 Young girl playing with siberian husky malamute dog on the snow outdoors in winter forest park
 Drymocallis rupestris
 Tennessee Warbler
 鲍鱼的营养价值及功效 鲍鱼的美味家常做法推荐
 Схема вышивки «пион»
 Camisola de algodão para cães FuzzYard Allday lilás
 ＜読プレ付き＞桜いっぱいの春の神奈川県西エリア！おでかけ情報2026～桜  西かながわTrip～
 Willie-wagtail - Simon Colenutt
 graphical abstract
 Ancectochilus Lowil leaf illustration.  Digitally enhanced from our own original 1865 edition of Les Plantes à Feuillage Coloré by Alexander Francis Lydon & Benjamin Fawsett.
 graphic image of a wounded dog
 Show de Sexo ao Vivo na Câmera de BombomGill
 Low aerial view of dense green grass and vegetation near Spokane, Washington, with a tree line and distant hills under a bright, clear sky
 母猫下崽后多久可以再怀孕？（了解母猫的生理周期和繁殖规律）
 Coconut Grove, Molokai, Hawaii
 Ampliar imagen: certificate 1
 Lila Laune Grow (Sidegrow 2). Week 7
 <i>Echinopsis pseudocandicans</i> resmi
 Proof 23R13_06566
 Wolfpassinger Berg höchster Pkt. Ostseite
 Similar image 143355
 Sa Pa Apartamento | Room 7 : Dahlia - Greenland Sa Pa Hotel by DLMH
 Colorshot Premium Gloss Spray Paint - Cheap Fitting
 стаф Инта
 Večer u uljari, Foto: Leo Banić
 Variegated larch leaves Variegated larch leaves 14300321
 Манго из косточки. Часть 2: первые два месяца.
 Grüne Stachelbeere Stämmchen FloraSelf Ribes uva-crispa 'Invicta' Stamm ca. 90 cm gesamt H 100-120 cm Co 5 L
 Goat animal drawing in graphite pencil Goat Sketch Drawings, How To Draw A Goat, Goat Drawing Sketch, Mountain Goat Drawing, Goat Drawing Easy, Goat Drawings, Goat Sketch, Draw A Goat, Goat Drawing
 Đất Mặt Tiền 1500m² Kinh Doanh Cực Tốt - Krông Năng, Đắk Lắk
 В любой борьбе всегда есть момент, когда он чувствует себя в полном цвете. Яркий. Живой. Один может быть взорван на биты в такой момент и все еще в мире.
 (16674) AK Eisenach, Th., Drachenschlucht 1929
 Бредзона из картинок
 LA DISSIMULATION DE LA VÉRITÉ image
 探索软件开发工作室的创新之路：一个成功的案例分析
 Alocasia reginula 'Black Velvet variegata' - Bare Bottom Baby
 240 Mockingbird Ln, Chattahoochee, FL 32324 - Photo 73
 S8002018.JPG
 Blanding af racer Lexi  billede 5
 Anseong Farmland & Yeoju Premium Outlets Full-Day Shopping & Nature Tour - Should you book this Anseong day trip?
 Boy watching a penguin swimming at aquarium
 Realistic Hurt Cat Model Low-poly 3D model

◆ ◆ ◆

> **WHAT THIS TASK INVOLVES**
Whenever a line of the material holds the word "Premium", copy it out.

> **ANSWER TO THIS PROBLEM**
 Colorshot Premium Gloss Spray Paint - Cheap Fitting
 Anseong Farmland & Yeoju Premium Outlets Full-Day Shopping & Nature Tour - Should you book this Anseong day trip?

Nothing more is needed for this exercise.